Who Really Benefits From Mortgage Interest Deductions?


Lisa Prevost writing for The New York Times:
Real estate and building industry groups have loudly condemned proposals by both presidential campaigns to shrink the mortgage interest deduction. Central to their arguments is the long-hallowed deduction’s value to the middle class. But a closer look at who benefits suggests that this perception, though prevalent, is not accurate. 

To begin with, most taxpayers do not benefit from the deduction at all. This is because they do not itemize deductions on their federal income tax returns. According to Joseph Rosenberg, a research associate at the Urban-Brookings Tax Policy Center, only about 30 percent of taxpayers itemize, rather than take the standard deduction. And the majority of these itemizers are upper-middle and upper-income households...


The other factor is that the value of the subsidy increases along with your tax bracket.
Read the whole thing.

The mortgage deduction is a policy that distorts the actual value of a home, making it look more valuable than it economically is.  This leads to an over-consumption of housing an over-provision of single family homes in the economy.  The poor are not only those who are least able to afford homes, but also are in the lowest tax bracket, receiving very little benefit from the mortgage deduction.  As Prevost writes in her article, the tax benefits are mostly enjoyed by the wealthy.

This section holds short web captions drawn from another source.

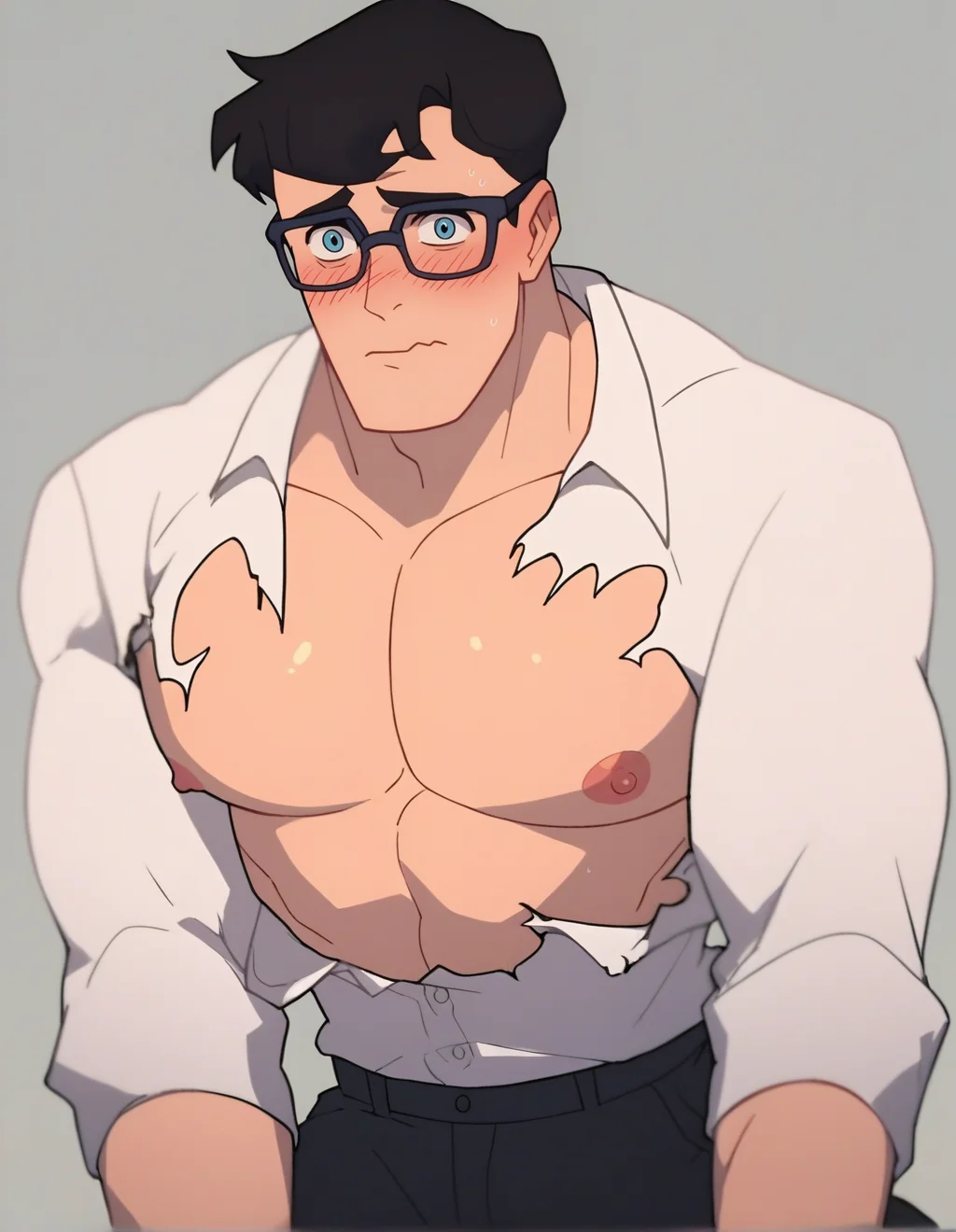 score_9, score_8_up, score_7_up, r <lora:Clark_Kent:1>, superman+, male focus, 1boy, simple background, glasses, black hair, white shirt, collared shirt, large pectorals, embarrassed, blush, muscular male, torn clothes, nipples, black pants, cowboy shot, looking at viewer, shiny skin,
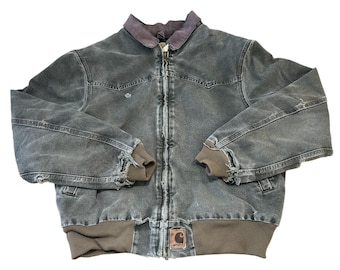 Vintage Carhartt Brown Santa Fe Embroidered Jacket J14 DKB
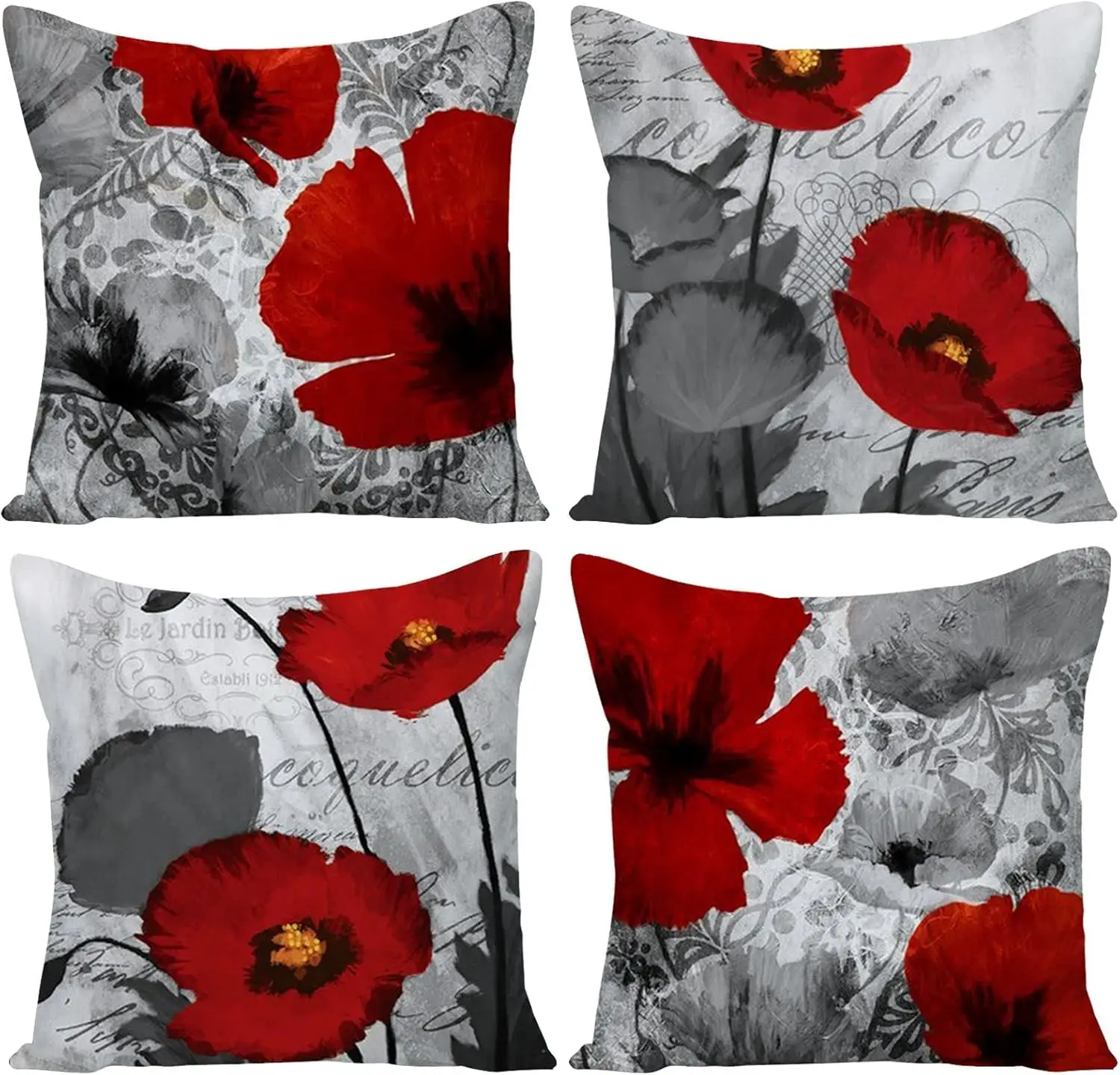 Red Poppy Pillow Covers – Black & White Floral Art 4-Pack Cushion Covers for Sofa, Bedroom, Car, Home Décor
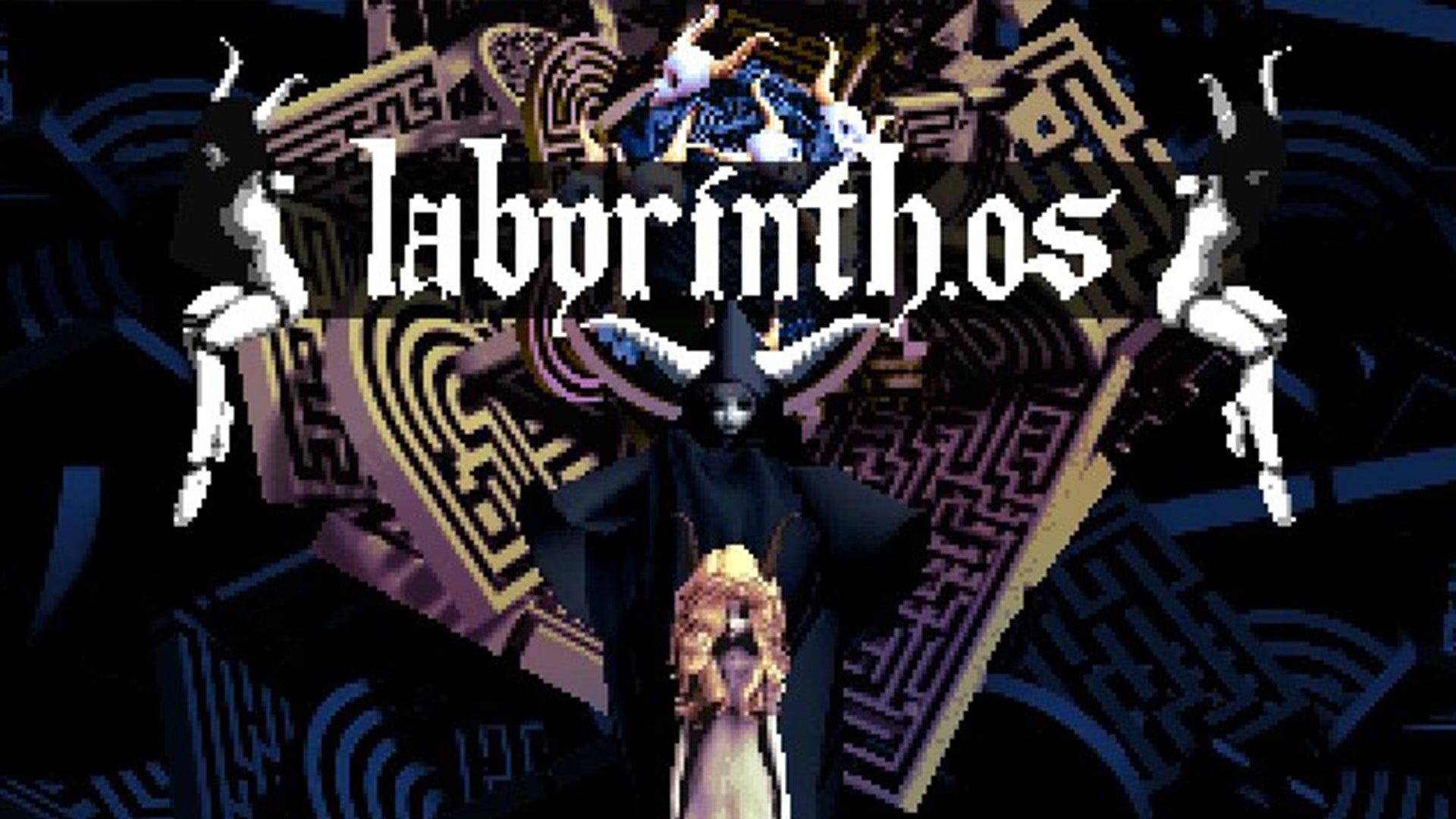 A horned, hooded figure stands behind a blonde haired, doll-looking feminine figure, the logo for Labyrinth.os superimposed above them, all in front of a surreal background.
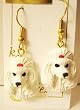 Poodle White - Dog Figurine Jewelry Earrings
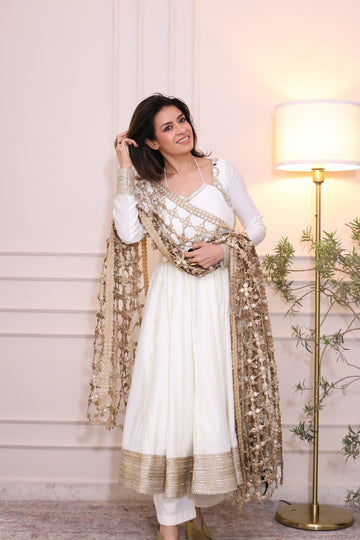 Pearl Majesty Anarkali  Set ( Order dupatta Seperately )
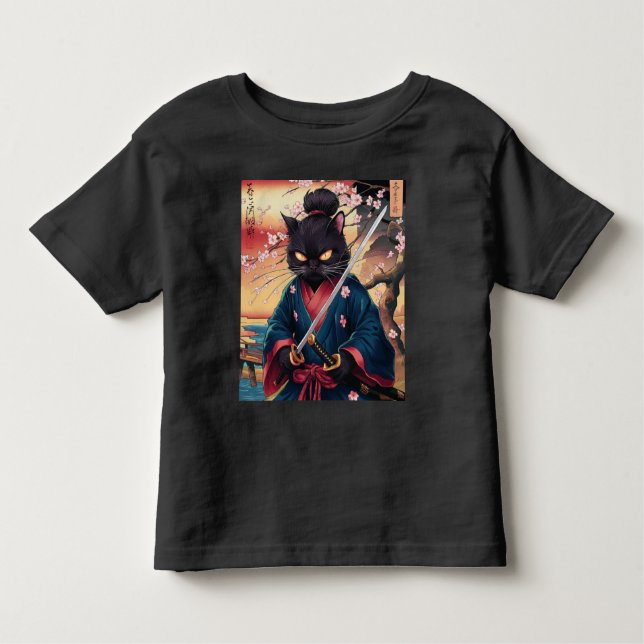Camiseta Cute Japanese Samurai Cat  (Frente)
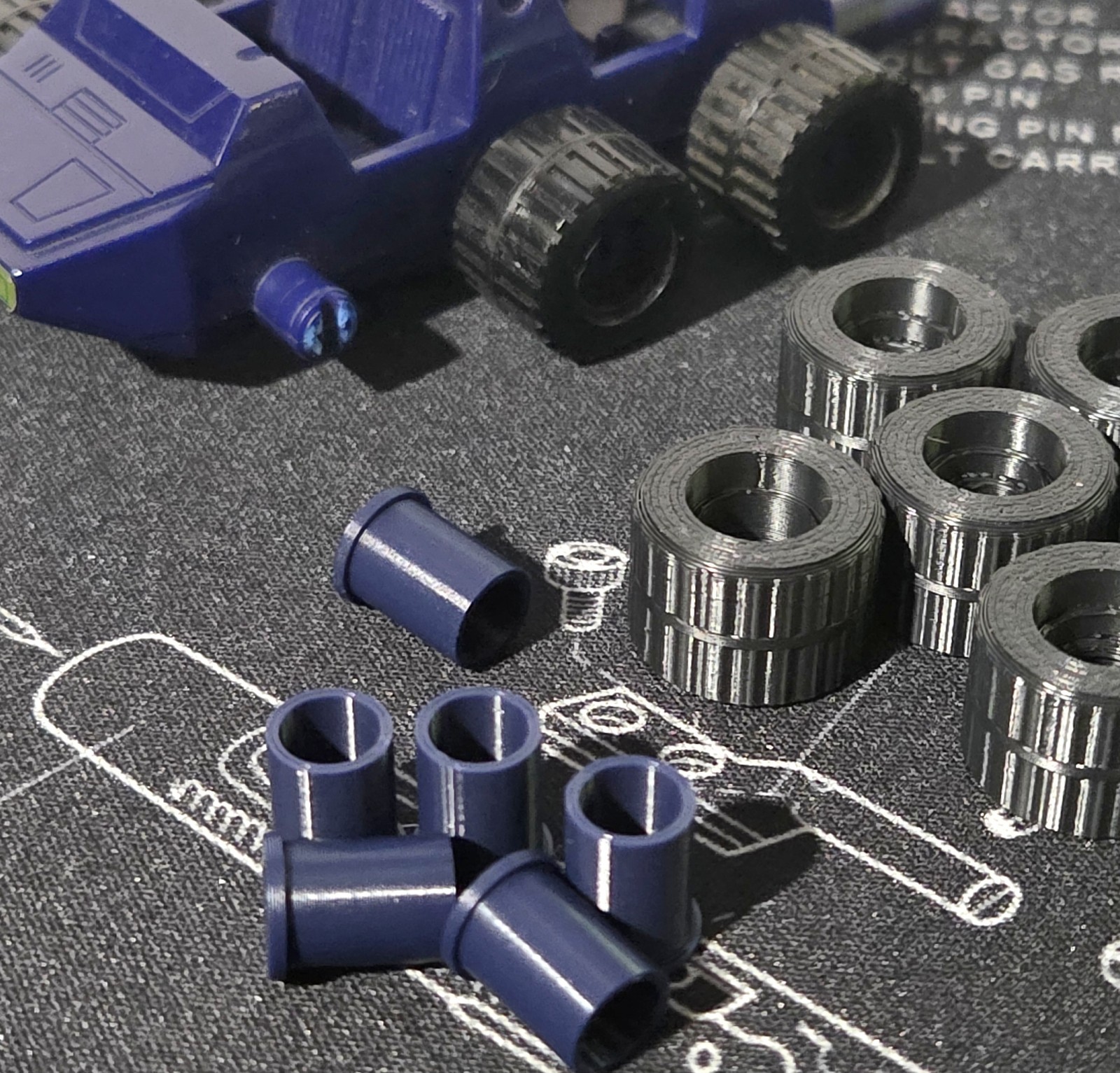 Transformers G1 3D Printed Roller Wheel Repair Kit With Custom Wheels Blue PLA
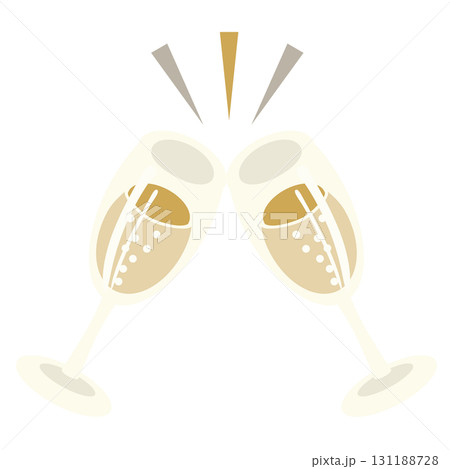 シャンパングラスで乾杯するイラスト 131188728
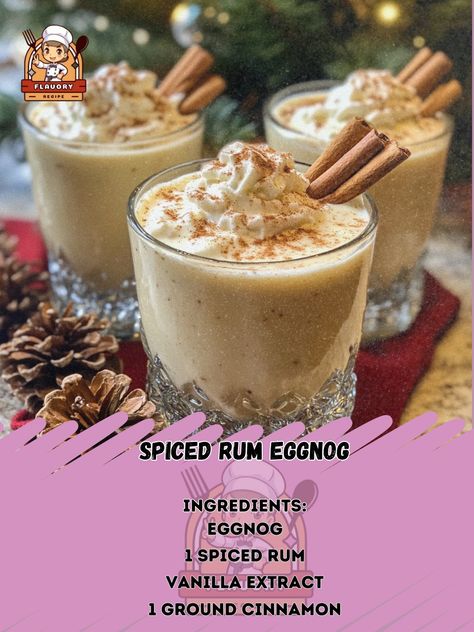 🎄✨ Cozy up with a glass of Spiced Rum Eggnog – a festive twist on a classic holiday drink! #Cheers #EggnogLove 🍹 Spiced Rum Eggnog Ingredients: - 4 cups eggnog - 1/2 cup spiced rum - 1 tsp vanilla extract - 1/2 tsp ground cinnamon - 1/4 tsp ground nutmeg - Whipped cream and cinnamon sticks for garnish Instructions: 1. In a saucepan, heat eggnog, rum, vanilla, cinnamon, and nutmeg over medium heat. 2. Stir frequently until heated through, but do not boil. 3. Pour into mugs and top with whip... Eggnog With Rum, Eggnog Coffee, Eggnog Cupcakes, Eggnog Drinks, Holiday Drink, Rum Drinks, Daily Recipes, Drinks Alcohol, Spiced Rum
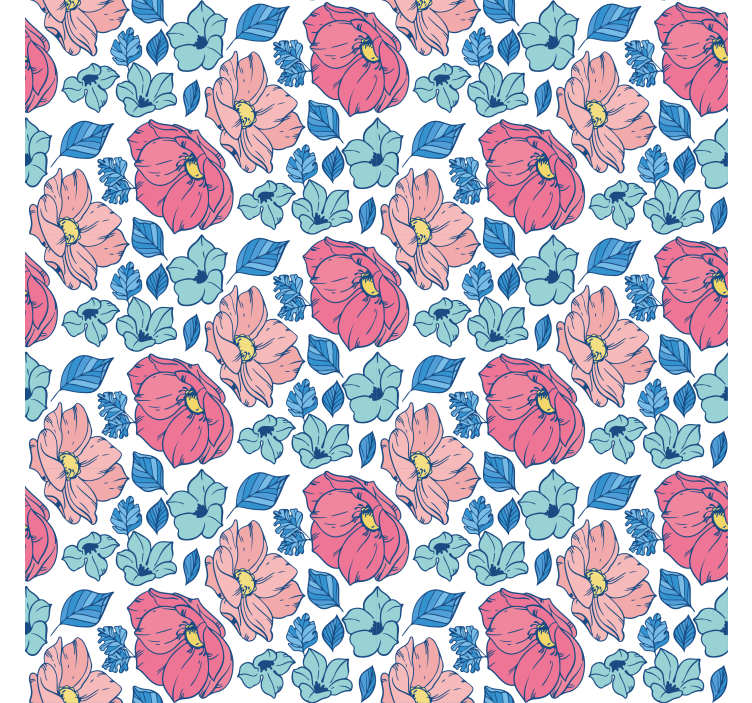 Estor floral Delicadas flores rosas y azules - TenVinilo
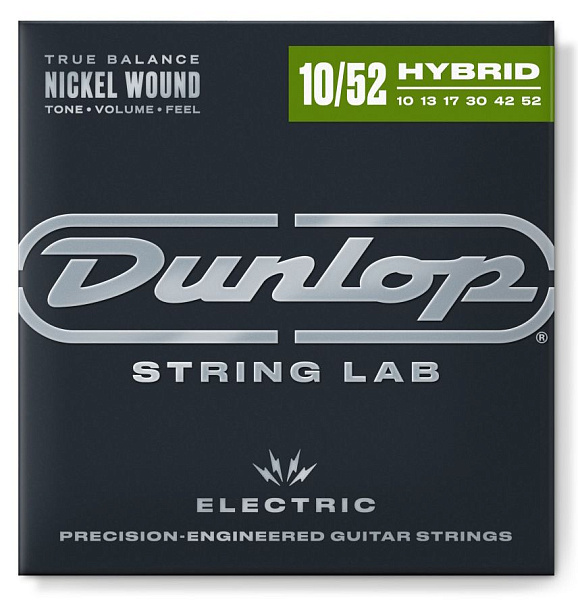 Dunlop DEN1052 -  Струны для электрогитары 10-52, Light/Heavy, никелированные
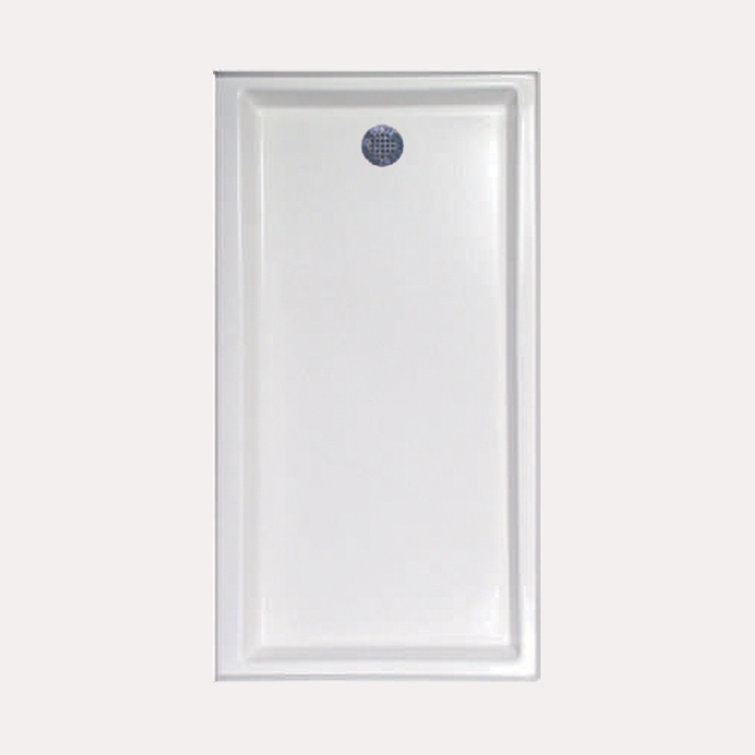 60'' White Acrylic Rectangular Shower Base with Right Drain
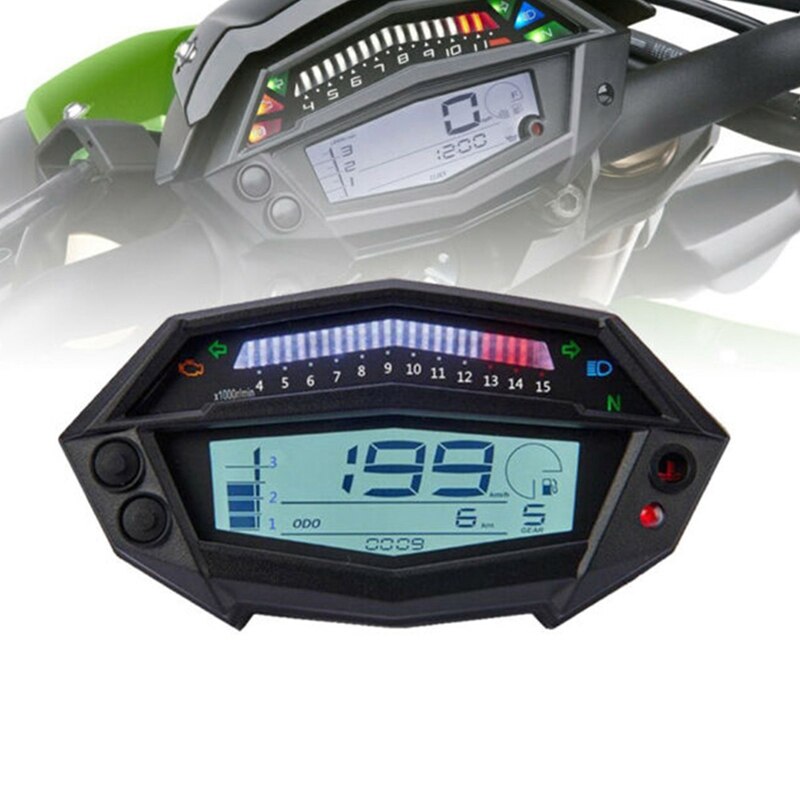 Motorcycle Tachometer Hour Meter Digital Speedometer Gear Indicator for Kawasaki Z1000
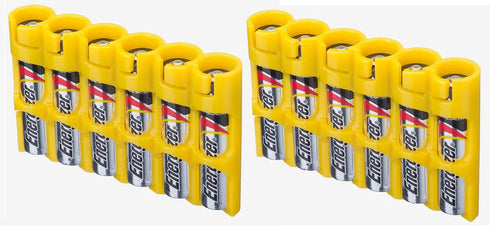 AAA Battery Storage Caddy (2 Pack), Yellow, Holds 6 AAA Batteries, (Not Included), The Original Battery Caddy, Made in The USA...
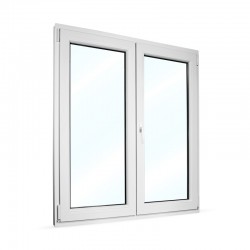 Plastové okno dvoukřídlé se štulpem 125x145 cm (1250x1450 mm), bílé, PRAVÉ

Harvard's Ed Glaeser notes that the mortgage deduction contributes to suburban sprawl by incentivizing people to own when, but for price distortions due to tax policies, they might be better off renting a smaller home in or nearer to a city.  This has huge ramifications on losses in productivity and well-being from time wasted commuting, environmental impact from lowered access to public transportation and additional miles driven, and lessened economies of scale on services in the suburbs relative to cities.  The mortgage deduction also incentivizes people to purchase larger homes than they otherwise would, again leading to a waste of resources in building, heating, cooling, and maintaining overly-large houses.  As Glaeser points out in his book, if other countries like China and India suburbanize the way the United States has, it could lead to large global increases in carbon emissions and the demand for oil.


I have recently been teaching my microeconomics class about positive externalities and negative externalities.  If suburban living has as many negative externalities as Glaeser believes, maybe home ownership should be taxed rather than subsidized?  At a minimum, the mortgage tax deduction is a policy that seems to have little justification from either the perspective of economics or equality.